The break-up of a relationship takes a toll on you. Whether you are the breaker or the breakee, your life is suddenly turned upside down. You may be feeling lonely, anxious, even completely depressed. Fears surface, and it is sometimes difficult to soothe yourself. You try the Haagen Dazs cure, but that only works for a while before you feel worse. Binge watching Netflix original series only goes so far, too, and in the end you have nothing much to show for it. What you are trying to do is quiet your mind. You want to get rid of the endless loop where you wonder what happened, replay what happened, imagine another thing happening. You start thinking about what might—or might not—happen next. Daily tasks are suddenly horrendous challenges and you wonder how you’ll ever get through the work day, make dinner, or get through a conversation with the nosy neighbor.
Reaching out to friends is helpful and important, but there are times when even that is tough. Do you want to re-immerse yourself in your story… again? You may be worried that people don’t get it, or are wondering why you don’t snap out of it, or judging you.
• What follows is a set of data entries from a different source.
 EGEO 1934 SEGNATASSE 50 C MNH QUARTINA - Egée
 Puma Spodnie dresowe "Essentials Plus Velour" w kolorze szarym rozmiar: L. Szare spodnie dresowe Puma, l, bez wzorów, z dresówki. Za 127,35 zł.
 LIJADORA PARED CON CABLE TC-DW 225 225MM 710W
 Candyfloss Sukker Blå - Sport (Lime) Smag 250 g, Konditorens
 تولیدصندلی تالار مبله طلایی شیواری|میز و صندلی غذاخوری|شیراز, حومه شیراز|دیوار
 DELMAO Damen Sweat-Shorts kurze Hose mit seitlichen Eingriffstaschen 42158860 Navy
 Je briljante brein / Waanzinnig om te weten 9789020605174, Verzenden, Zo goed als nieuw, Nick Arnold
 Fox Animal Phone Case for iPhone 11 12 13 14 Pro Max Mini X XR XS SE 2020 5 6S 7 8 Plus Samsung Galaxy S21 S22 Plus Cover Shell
These things may or may not be true, but there has to be something else you can do, right?
There is.
Learn to knit. If you are not already a knitter, you may be thinking something self-deprecating like, “I’m all thumbs… that won’t work,” or disparaging like, “Knitting is for grandmas.” First of all, most of the grandmas I know are pretty hip, knitters or otherwise, and second of all, you’re wrong. Knitting is popular among all age groups (and men knit too!), so put your stereotypes to one side.
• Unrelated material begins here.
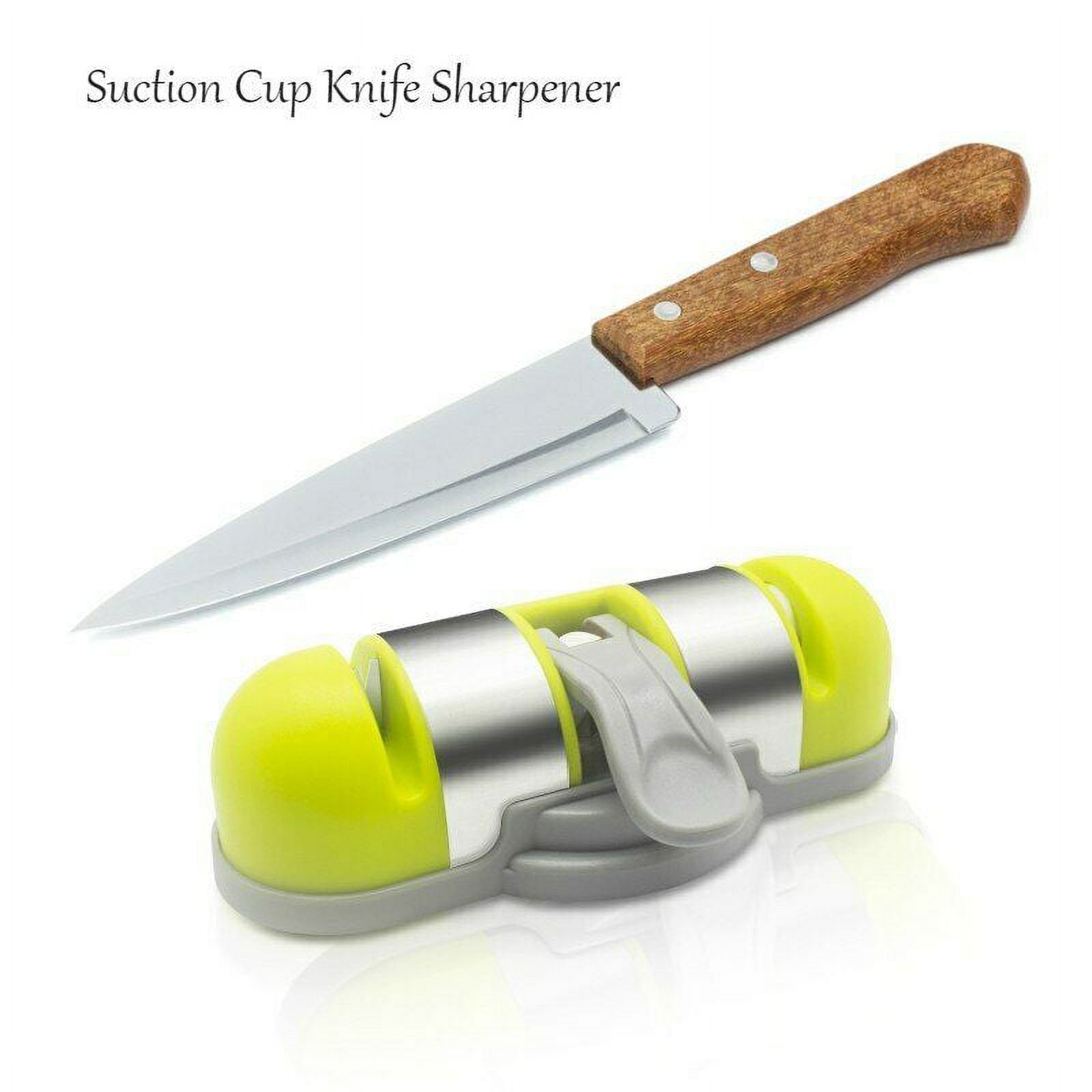 Knife Sharpeners Smart With Suction Base Pad Cup, Mini Knife Sharpener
First, a little bit about flow. Psychologist Mihaly Csikszentmihalyi first introduced this concept as the time when you are so absorbed in an activity that nothing else matters. He calls it the secret to happiness (and he can support that with tons of research). We all know happiness is a great cure for the blues. 🙂
If you’ve watched your child pitch a baseball game without seeming to twitch when the bases are loaded—he’s in the flow. If your sister never heard you or registered anything around her when she practiced her violin—she was in the flow. You’ve been there too. When you are cooking, re-painting the dining room, writing a blog, gardening…
The effects of flow are like those of meditation. And knitting is a premier, well-researched “flow activity” proven to be linked to overall health—mental, physical, and emotional.
Benefits of knitting:
- Reduction of anxious thoughts due to its repetitive, meditative, and creative quality.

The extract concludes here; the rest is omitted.